> [WHAT IS BEING ASKED]
What is needed is the run of lines from the one with "Brianna Hildebrand /" through the close of the data, set down exactly.

> [RECORDS TO PROCESS]
* * * * * * *

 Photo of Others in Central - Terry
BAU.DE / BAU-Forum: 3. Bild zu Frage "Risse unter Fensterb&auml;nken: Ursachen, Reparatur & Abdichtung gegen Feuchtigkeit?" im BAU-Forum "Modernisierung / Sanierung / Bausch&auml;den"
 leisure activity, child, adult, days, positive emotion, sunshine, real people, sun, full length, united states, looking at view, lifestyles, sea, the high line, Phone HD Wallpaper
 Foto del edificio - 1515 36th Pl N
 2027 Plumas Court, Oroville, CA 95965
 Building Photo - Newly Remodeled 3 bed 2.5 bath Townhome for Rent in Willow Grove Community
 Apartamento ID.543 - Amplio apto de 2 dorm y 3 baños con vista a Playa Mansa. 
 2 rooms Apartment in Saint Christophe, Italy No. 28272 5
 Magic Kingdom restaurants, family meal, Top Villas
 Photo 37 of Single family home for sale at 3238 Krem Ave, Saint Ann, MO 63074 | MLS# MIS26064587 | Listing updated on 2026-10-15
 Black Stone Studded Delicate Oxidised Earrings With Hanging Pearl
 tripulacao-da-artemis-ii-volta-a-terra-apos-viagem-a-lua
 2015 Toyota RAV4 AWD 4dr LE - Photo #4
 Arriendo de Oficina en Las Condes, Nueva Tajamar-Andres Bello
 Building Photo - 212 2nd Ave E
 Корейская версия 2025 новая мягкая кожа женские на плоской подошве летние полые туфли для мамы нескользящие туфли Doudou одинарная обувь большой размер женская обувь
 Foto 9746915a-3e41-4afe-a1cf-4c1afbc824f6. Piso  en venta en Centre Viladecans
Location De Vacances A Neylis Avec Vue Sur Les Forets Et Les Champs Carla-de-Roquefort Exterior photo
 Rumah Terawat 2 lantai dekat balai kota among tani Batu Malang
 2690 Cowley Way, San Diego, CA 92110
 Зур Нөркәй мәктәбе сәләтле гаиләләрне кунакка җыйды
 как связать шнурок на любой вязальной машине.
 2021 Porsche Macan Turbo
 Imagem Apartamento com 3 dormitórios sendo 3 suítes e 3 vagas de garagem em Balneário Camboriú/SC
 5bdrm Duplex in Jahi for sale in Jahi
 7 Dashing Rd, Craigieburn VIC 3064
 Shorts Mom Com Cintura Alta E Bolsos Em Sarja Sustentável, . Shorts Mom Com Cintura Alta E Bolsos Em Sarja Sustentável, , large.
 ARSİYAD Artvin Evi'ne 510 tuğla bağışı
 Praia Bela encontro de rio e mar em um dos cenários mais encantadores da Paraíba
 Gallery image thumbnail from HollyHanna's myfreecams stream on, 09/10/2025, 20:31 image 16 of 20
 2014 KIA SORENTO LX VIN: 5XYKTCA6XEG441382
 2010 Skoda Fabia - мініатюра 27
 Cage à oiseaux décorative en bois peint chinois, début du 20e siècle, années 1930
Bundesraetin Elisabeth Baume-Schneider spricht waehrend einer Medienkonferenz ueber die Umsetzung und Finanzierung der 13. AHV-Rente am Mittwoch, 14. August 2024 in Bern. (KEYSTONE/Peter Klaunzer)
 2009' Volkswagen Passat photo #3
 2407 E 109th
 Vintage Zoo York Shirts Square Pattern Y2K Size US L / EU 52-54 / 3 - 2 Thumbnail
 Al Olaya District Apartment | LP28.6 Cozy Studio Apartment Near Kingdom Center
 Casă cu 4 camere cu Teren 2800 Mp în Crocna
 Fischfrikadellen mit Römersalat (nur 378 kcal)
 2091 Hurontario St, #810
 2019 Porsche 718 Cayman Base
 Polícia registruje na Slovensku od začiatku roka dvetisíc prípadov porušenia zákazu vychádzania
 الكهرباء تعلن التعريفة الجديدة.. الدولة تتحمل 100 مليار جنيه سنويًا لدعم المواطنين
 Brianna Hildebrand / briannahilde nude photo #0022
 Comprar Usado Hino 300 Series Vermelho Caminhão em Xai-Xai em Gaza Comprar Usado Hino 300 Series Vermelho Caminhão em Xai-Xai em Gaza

* * * * * * *

> [THE ANSWER]
 Brianna Hildebrand / briannahilde nude photo #0022
 Comprar Usado Hino 300 Series Vermelho Caminhão em Xai-Xai em Gaza Comprar Usado Hino 300 Series Vermelho Caminhão em Xai-Xai em Gaza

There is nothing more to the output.